EXERCISE INSTRUCTIONS:
Skip the pictures and write out, word for word, the lines below from the one with "Pink Aqualung icon" through the one with "Ortho Running Shoes", inclusive.

EXTRACTED INFORMATION:
******

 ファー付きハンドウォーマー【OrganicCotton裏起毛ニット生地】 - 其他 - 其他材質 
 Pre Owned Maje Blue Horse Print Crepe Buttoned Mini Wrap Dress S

******

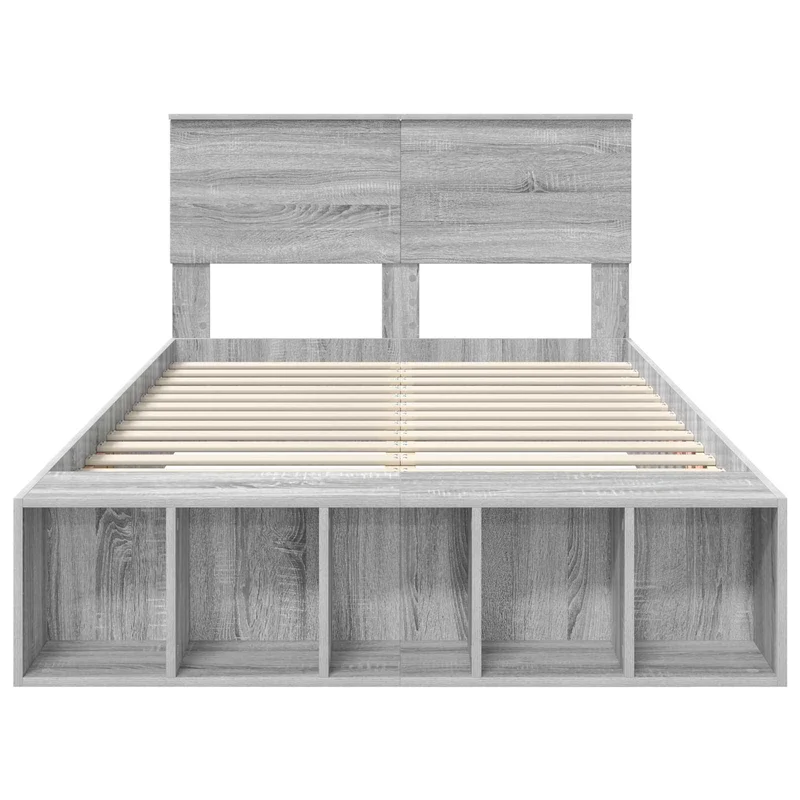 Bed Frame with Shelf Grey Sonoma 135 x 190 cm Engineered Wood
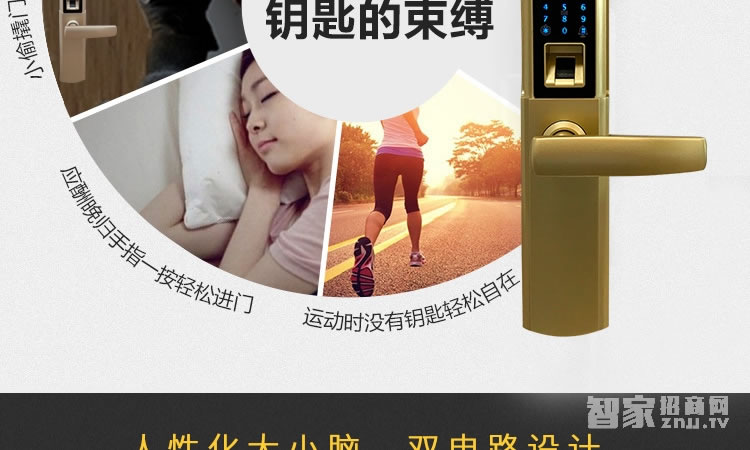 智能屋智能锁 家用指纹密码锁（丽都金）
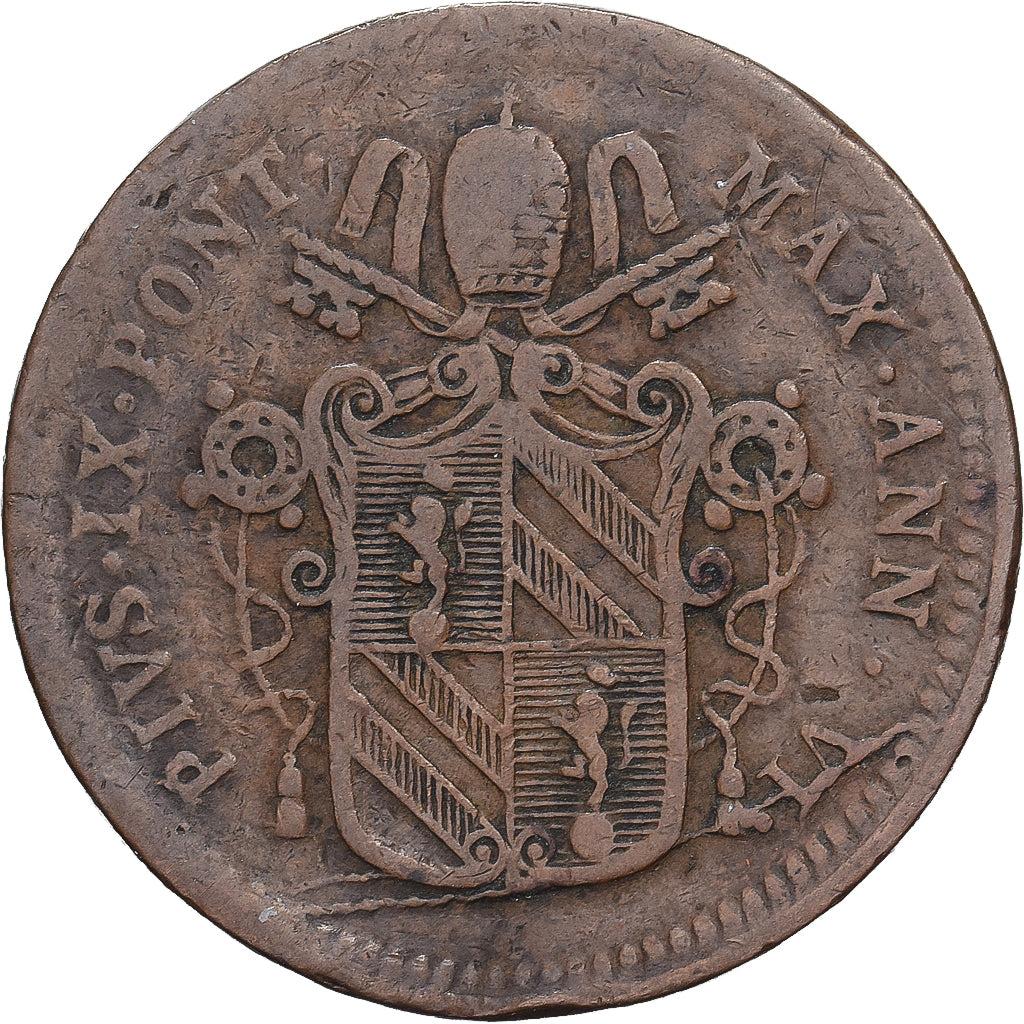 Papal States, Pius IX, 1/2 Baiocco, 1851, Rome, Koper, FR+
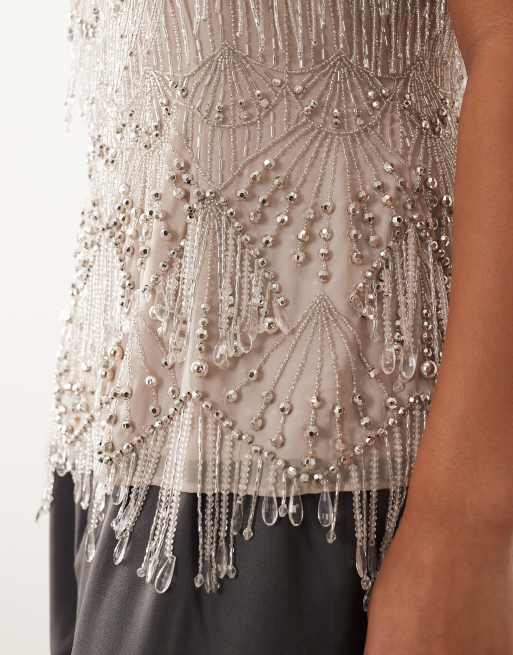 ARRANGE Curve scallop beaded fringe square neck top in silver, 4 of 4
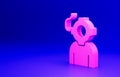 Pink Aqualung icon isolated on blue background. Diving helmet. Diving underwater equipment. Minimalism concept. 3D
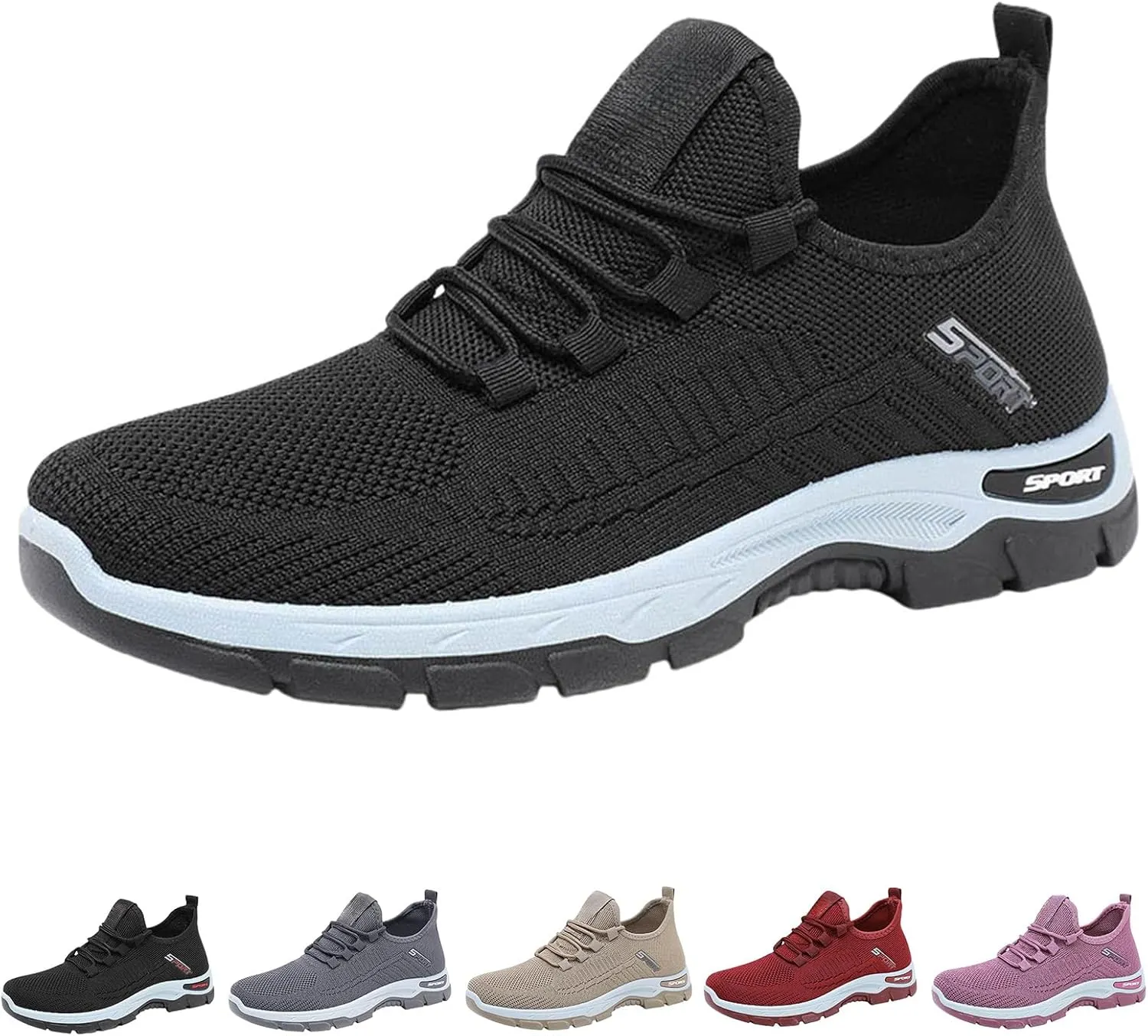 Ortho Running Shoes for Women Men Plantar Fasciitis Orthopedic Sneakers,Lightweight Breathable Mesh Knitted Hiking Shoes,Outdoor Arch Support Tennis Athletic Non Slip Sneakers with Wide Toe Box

******

RESULT OF THIS TASK:
 Pink Aqualung icon isolated on blue background. Diving helmet. Diving underwater equipment. Minimalism concept. 3D
 Ortho Running Shoes for Women Men Plantar Fasciitis Orthopedic Sneakers,Lightweight Breathable Mesh Knitted Hiking Shoes,Outdoor Arch Support Tennis Athletic Non Slip Sneakers with Wide Toe Box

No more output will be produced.